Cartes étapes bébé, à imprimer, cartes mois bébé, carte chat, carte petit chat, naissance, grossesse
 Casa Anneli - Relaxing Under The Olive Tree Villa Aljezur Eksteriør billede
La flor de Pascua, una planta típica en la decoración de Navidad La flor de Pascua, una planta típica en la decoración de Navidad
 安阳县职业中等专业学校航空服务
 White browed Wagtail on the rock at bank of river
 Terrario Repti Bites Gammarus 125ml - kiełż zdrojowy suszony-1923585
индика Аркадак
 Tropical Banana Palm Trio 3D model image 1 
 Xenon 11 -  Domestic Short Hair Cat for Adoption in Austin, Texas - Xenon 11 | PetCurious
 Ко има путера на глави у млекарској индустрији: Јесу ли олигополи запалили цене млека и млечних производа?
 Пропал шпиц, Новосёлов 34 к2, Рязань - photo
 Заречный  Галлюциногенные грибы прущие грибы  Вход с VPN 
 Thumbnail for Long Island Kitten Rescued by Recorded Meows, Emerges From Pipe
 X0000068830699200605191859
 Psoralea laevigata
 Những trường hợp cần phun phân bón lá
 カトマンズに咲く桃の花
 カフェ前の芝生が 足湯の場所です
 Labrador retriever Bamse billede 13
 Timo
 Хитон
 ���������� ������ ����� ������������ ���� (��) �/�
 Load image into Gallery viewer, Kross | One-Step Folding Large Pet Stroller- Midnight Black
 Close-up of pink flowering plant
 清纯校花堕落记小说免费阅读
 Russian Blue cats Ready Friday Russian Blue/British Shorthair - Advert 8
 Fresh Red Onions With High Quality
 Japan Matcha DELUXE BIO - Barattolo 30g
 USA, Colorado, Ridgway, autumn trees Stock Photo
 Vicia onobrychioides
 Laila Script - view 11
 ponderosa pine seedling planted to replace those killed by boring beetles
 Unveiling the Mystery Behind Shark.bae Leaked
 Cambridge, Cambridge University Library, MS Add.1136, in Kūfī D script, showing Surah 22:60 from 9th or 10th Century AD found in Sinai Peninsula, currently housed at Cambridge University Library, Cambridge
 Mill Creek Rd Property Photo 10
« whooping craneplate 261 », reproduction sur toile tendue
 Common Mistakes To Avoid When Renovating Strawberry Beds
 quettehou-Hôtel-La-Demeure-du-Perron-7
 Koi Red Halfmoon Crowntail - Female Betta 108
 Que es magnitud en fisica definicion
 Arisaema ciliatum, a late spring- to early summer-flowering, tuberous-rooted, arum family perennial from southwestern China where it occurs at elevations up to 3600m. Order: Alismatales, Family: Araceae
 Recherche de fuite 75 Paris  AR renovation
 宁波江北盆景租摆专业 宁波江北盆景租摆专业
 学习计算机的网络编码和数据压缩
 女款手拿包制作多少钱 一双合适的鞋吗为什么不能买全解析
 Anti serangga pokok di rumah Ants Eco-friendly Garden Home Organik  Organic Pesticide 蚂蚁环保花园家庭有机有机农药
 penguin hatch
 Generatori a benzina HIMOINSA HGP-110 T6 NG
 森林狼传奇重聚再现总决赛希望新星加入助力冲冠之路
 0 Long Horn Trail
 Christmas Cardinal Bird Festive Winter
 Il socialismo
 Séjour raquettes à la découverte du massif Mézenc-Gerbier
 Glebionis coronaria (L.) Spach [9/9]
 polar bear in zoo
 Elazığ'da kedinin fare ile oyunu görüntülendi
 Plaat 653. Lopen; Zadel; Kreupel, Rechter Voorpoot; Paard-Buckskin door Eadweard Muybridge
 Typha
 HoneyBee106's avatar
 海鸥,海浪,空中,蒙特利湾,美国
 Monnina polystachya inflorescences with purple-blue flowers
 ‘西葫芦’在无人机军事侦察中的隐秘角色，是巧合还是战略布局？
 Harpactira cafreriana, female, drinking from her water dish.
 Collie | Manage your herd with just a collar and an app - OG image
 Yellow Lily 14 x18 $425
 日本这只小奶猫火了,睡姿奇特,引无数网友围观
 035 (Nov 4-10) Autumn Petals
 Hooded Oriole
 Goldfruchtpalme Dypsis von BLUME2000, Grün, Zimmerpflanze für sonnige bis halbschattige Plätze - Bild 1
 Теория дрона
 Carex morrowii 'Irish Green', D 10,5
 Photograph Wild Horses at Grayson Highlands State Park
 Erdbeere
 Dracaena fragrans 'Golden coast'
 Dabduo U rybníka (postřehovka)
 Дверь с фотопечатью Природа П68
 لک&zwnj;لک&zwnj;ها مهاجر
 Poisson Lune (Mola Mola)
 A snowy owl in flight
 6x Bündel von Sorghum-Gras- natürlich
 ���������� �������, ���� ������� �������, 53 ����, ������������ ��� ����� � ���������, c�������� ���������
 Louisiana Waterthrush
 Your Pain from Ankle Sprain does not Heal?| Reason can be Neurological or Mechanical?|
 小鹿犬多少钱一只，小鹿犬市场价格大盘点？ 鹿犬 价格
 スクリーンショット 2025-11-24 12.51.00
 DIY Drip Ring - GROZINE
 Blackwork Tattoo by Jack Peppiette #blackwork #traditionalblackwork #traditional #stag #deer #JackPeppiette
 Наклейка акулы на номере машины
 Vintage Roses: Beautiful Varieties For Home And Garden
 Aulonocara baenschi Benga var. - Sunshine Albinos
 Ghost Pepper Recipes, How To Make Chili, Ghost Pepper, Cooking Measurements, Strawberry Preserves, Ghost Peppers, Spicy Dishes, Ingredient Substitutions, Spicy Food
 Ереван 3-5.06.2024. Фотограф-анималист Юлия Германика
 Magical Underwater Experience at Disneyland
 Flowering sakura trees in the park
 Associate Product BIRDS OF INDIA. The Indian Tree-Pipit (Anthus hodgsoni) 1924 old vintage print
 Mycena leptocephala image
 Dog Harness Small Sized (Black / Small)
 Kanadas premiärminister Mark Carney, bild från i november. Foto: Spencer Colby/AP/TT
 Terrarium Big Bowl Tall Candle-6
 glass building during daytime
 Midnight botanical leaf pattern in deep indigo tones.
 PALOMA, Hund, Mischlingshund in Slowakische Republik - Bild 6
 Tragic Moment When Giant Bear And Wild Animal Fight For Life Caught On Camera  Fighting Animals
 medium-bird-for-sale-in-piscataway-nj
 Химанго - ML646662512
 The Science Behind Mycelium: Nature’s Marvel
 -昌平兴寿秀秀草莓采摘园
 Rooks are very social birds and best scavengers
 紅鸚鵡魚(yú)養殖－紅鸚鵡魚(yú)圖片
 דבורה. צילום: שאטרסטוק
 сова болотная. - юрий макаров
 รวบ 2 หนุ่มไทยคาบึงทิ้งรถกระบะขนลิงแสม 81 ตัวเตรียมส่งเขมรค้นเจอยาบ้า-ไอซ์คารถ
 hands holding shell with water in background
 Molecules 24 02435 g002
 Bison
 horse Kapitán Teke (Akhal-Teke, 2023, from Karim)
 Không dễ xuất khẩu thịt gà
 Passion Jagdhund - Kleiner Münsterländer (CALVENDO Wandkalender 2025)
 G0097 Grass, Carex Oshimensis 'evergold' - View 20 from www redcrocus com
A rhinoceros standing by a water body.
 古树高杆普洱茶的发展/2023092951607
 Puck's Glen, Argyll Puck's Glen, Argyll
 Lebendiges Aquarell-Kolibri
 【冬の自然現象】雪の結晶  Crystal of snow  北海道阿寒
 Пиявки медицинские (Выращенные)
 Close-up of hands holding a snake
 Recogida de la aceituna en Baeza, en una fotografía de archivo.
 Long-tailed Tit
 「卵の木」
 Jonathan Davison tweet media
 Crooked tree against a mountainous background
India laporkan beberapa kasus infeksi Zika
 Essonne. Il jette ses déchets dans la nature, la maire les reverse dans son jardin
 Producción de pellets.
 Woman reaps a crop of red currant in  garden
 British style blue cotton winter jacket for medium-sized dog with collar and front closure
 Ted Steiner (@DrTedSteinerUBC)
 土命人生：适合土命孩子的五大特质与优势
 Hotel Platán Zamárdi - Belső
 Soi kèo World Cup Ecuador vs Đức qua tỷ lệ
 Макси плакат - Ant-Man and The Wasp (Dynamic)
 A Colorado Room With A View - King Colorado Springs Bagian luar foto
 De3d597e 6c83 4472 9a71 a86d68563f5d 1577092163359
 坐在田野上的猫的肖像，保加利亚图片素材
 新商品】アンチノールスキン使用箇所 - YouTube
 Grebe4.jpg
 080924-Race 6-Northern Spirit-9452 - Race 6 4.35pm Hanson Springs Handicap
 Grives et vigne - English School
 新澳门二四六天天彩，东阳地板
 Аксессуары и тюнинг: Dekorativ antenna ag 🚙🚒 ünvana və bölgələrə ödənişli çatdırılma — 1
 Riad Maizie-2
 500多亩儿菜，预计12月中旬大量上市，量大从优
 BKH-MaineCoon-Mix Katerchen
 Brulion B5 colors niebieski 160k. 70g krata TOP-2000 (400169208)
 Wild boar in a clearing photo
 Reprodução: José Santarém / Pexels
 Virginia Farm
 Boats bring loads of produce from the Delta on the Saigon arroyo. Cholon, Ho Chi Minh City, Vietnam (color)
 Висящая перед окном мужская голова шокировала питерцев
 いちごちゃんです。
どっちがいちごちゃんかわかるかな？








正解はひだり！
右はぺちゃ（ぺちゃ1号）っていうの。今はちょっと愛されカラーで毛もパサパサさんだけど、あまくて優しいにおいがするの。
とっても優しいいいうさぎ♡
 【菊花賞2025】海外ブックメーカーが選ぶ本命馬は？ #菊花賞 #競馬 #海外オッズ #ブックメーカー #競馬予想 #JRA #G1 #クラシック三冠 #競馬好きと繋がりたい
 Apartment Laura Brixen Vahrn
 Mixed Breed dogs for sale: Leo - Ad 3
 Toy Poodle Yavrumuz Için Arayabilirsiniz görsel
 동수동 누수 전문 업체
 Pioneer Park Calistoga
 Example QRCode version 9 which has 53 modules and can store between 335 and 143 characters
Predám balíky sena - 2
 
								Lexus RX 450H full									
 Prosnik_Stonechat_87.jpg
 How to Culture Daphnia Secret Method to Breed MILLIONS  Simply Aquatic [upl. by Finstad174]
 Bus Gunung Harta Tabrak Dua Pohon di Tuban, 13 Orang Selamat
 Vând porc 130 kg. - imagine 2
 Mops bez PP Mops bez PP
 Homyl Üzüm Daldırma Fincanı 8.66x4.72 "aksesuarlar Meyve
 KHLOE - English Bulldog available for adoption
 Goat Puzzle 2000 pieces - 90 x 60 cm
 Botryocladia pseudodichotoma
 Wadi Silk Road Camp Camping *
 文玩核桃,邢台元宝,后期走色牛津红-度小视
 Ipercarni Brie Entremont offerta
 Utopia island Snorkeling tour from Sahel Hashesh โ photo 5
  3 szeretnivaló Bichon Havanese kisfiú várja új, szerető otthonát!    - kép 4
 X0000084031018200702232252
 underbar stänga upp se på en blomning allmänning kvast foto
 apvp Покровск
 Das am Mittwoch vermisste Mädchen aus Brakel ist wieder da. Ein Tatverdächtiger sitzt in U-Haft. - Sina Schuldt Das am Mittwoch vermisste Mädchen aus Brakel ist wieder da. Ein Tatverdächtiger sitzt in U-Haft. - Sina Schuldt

◆ Task directions
Beginning with the line that holds "X0000084031018200702232252" and ending with the last line of the material, output each line exactly and nothing beyond them.

◆ Answer below
 X0000084031018200702232252
 underbar stänga upp se på en blomning allmänning kvast foto
 apvp Покровск
 Das am Mittwoch vermisste Mädchen aus Brakel ist wieder da. Ein Tatverdächtiger sitzt in U-Haft. - Sina Schuldt Das am Mittwoch vermisste Mädchen aus Brakel ist wieder da. Ein Tatverdächtiger sitzt in U-Haft. - Sina Schuldt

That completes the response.